(REQUIRED ACTION):
All records are to be retyped faithfully and completely.

[Stored entries]

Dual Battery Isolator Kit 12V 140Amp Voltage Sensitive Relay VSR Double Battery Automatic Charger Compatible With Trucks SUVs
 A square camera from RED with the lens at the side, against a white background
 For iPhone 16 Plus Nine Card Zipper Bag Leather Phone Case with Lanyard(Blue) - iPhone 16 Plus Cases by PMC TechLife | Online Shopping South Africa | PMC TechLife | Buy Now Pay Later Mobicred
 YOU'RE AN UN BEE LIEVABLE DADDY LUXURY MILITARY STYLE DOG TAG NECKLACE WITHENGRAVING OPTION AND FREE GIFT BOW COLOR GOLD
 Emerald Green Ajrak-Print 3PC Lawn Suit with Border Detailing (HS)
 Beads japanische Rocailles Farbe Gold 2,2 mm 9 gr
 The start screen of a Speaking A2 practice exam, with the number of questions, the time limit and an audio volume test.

(RESPONSE TO THIS TASK):
Dual Battery Isolator Kit 12V 140Amp Voltage Sensitive Relay VSR Double Battery Automatic Charger Compatible With Trucks SUVs
 A square camera from RED with the lens at the side, against a white background
 For iPhone 16 Plus Nine Card Zipper Bag Leather Phone Case with Lanyard(Blue) - iPhone 16 Plus Cases by PMC TechLife | Online Shopping South Africa | PMC TechLife | Buy Now Pay Later Mobicred
 YOU'RE AN UN BEE LIEVABLE DADDY LUXURY MILITARY STYLE DOG TAG NECKLACE WITHENGRAVING OPTION AND FREE GIFT BOW COLOR GOLD
 Emerald Green Ajrak-Print 3PC Lawn Suit with Border Detailing (HS)
 Beads japanische Rocailles Farbe Gold 2,2 mm 9 gr
 The start screen of a Speaking A2 practice exam, with the number of questions, the time limit and an audio volume test.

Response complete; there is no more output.